A review of the novel “Intermezzo” by Sally Rooney

I’m a fan of Rooney’s work and have read all of her novels. This is her fourth, longest, and most ambitious.

As always, the setting is contemporary Ireland. Unusually, however,the leading characters are both men: brothers Peter (32, a successful lawyer) and Ivan (22, an aspiring chess champion).

The novel explores the relationship between the brothers, who are dealing with the grief of losing their father, and their respective relationships with women: in Peter’s case, a former lover of his own age (Sylvia) and a much younger and newer lover (Naomi) and, in Ivan’s case, a divorced woman 14 years his senior (Margaret).
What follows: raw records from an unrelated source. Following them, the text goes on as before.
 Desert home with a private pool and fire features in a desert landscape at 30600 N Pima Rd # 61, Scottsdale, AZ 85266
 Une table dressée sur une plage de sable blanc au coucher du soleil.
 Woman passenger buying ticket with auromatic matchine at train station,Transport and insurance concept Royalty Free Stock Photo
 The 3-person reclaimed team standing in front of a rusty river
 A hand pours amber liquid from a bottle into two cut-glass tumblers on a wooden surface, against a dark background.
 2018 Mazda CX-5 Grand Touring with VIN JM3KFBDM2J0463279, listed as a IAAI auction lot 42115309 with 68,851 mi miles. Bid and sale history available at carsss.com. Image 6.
The style of the book is to have alternate chapters presenting the points of view of the two brothers.

The perspective of Ivan, who is on the autistic spectrum, is represented as quite literal and straightforward. That of Peter, who consumes a lot of alcohol and has panic attacks, is much more fractured and involves sentences that have an odd word order and even missing words (reminding one of James Joyce) with lots of esoteric allusions to other texts (there are three pages of attributions at the end).

It took me a little while to become comfortable with Ivan’s ‘voice’, making this ‘harder’ than Rooney’s other novels, but it is an impressive and enjoyable work that burnishes her already formidable reputation.